[fpc-devel] Trying to understand the wiki-Page "FPC Unicodesupport"

Sat Nov 29 15:02:58 CET 2014

In our previous episode, Hans-Peter Diettrich said:
> >> storage, we'll have to take that into account.
> > 
> > (16-bit codepages were designed into OS/2 and Windows NT before utf-8 even
> > existed)
> 
> Right, both systems were developed by Microsoft :-]

A cooperation between IBM and Microsoft starting in 1984 to somewhere in the
early nineties, yes. (or Micro Soft, I can't remember
when they dropped the space).

From
http://en.wikipedia.org/wiki/Microsoft#1984.E2.80.9394:_Windows_and_Office

"Microsoft released its version of OS/2 to original equipment manufacturers
(OEMs) on April 2, 1987"

> No problem, as long as proper host/network byteorder conversion is 
> applied in reading/writing such files. 

I don't see that as something evident. crlf vs lf is not fully transparent
either, just open an lf file with notepad. Many unix editors show crs etc.
There isn't even an universal marker to signal it (like BOMs)

Putting layer upon layer in a misguided attempt to make anything accept
anything transparent is IMHO a waste of both time resources and computing.  Better
intensively maintain a few good converters, and strengthen metadata
processing and retention to make it automatic in a few places where it
really matters.
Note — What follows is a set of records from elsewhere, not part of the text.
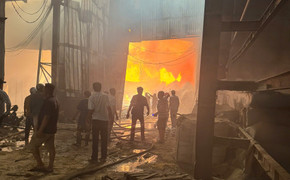 Cháy lớn tại nhà máy xay xát lúa gạo ở Long An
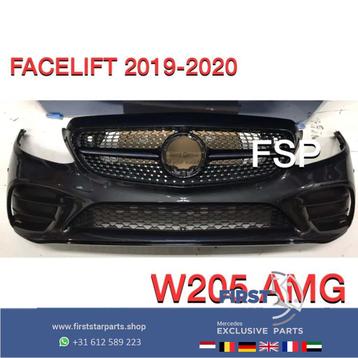 Facelift C43 AMG Voorbumper 2019 bumper C Klasse grijs diamo beschikbaar voor biedingen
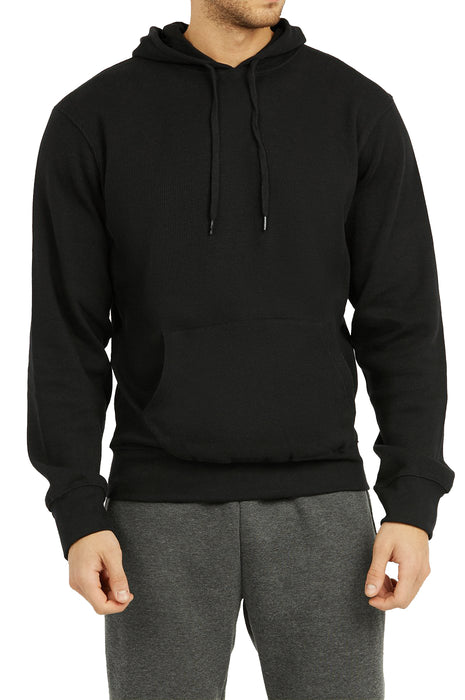 Men's Waffle Fabric Pullover Sweater Hoodie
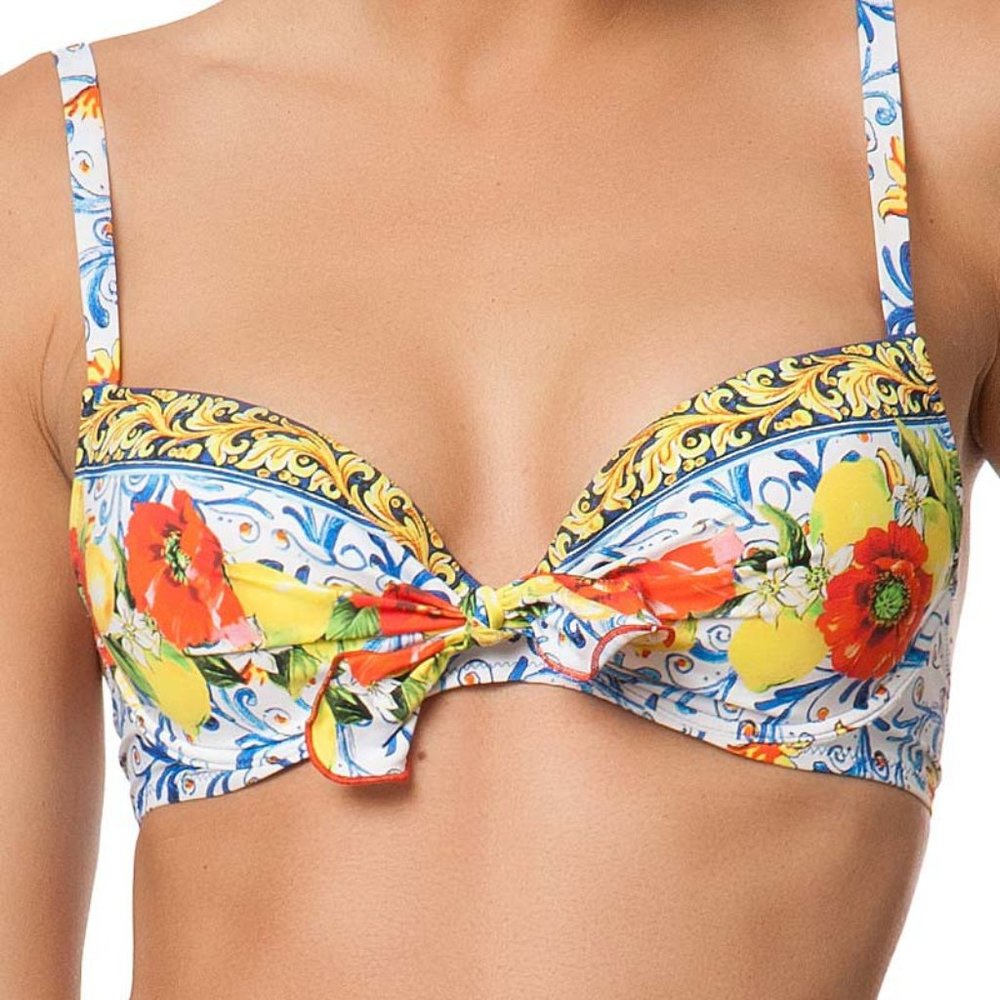 Antigel Lemon Floral Bikini Top 34A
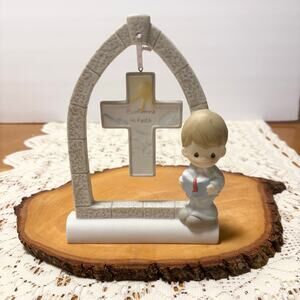 2004 Precious Moments "Confirmed in Faith" Boy Figurine w/ Hanging Cross Enesco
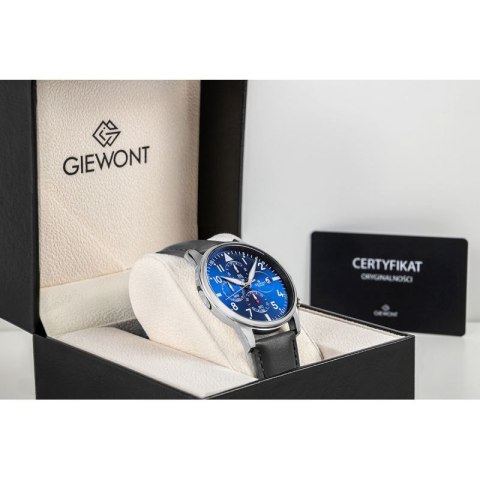 Zegarek Męski Giewont Chronograph Sapphire Czarno Niebieski GW5630-A3 Giewont
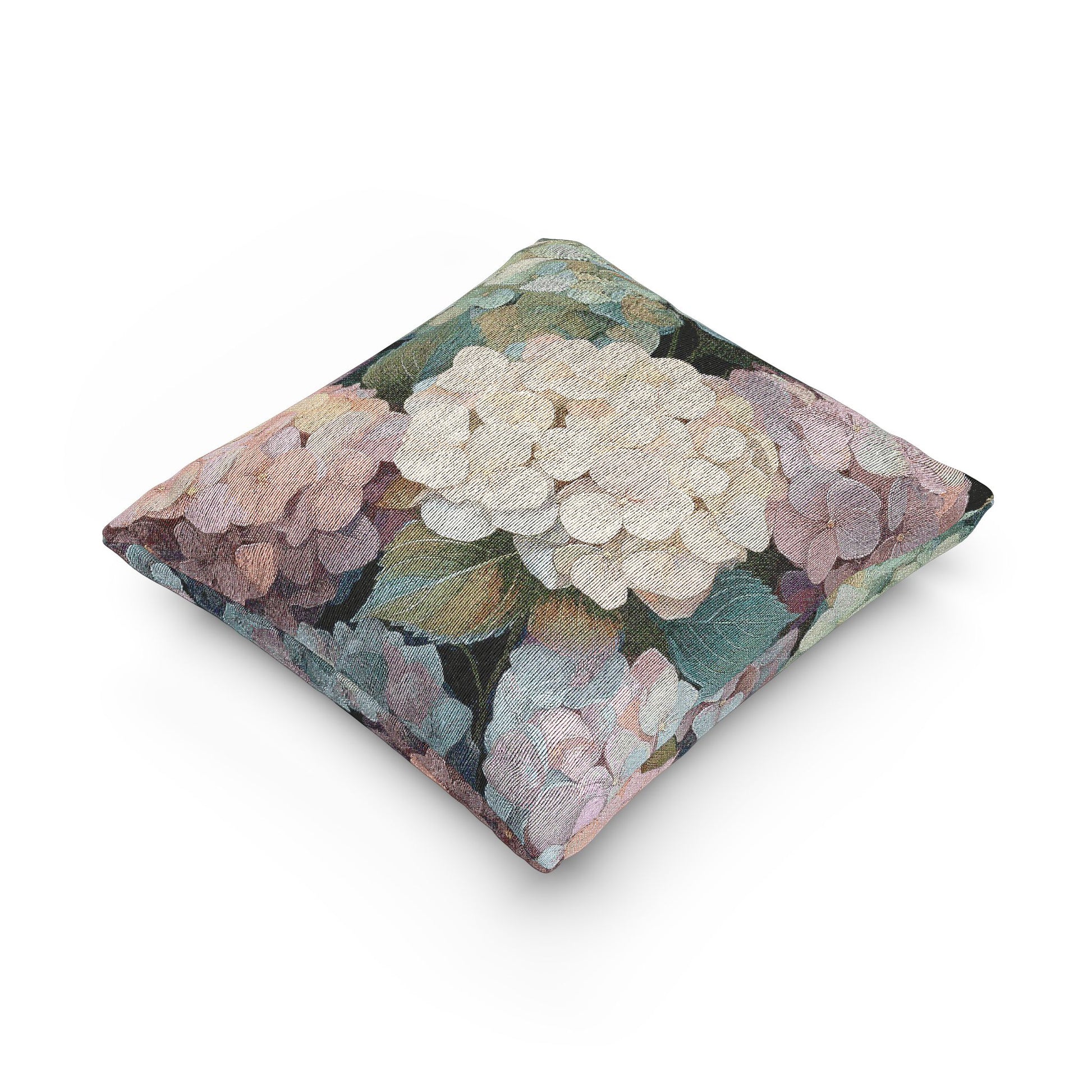 Woven Pillow - Colorful Hydrangeas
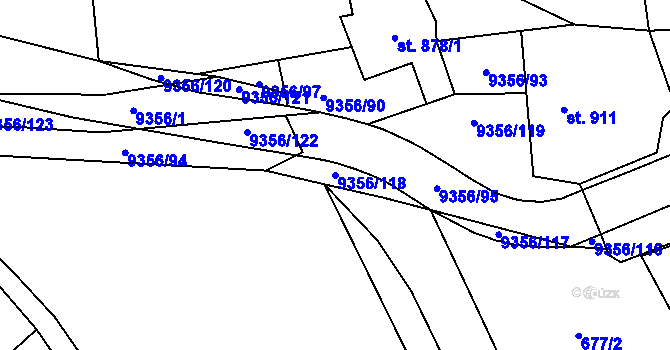 Parcela st. 9356/118 v KÚ Žítková, Katastrální mapa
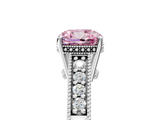 White gold Fancy Pink Cushion  Solitaire Pavé Diamond Milgrain Engagement Ring with Four-Prong Setting_8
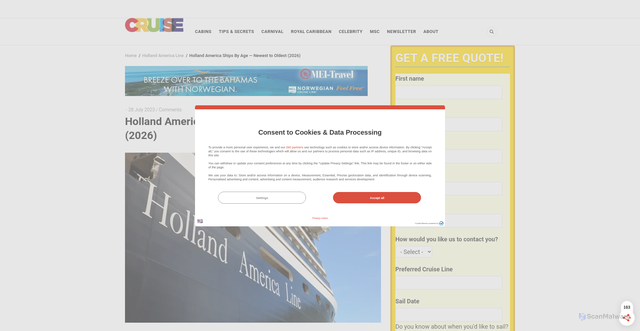 Security scan screenshot of https://cruise.blog/2023/07/holland-america-line-ships-age-newest-oldest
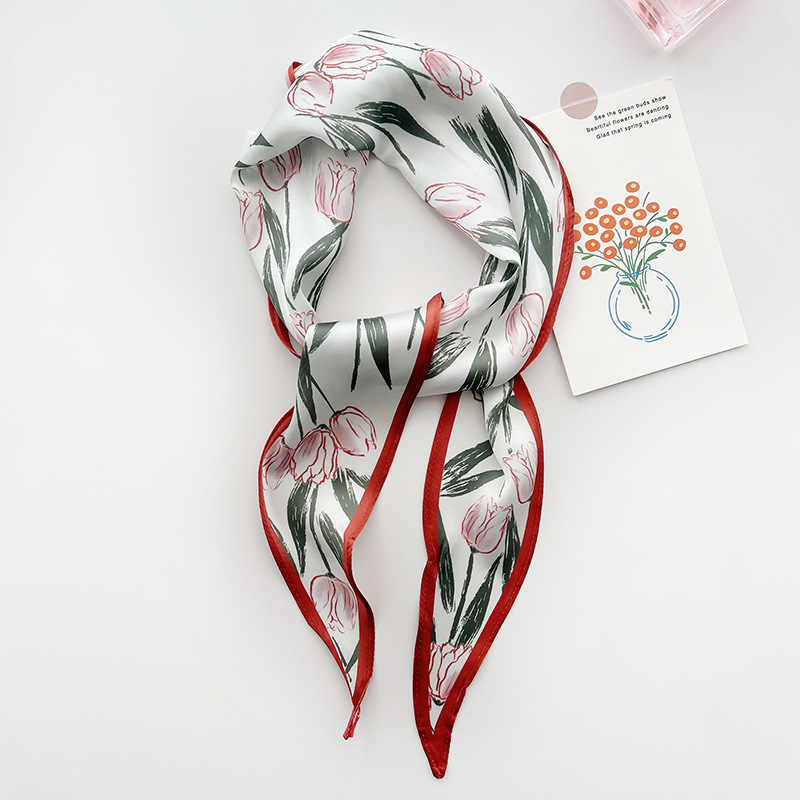Small silk scarf diamond print multifunctional headband shirt decorative scarf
I'm no security expert, but I guess from a security
viewpoint that is better too.

> But times have changed, nowadays the Internet requires certain common 
> standards (e.g. 8-bit bytes = octets, HTML, Unicode and more), which 
> allow for data exchange across machine and country boundaries.

Internet protocols are properly annotated with metadata, so are easiest to
deal with.  That doesn't make it an requirement to push this throughout the
whole RTL, a simple routine in e.g.  the webserver can handle that at the
gate without bogging down the rest of the system with redundant checks.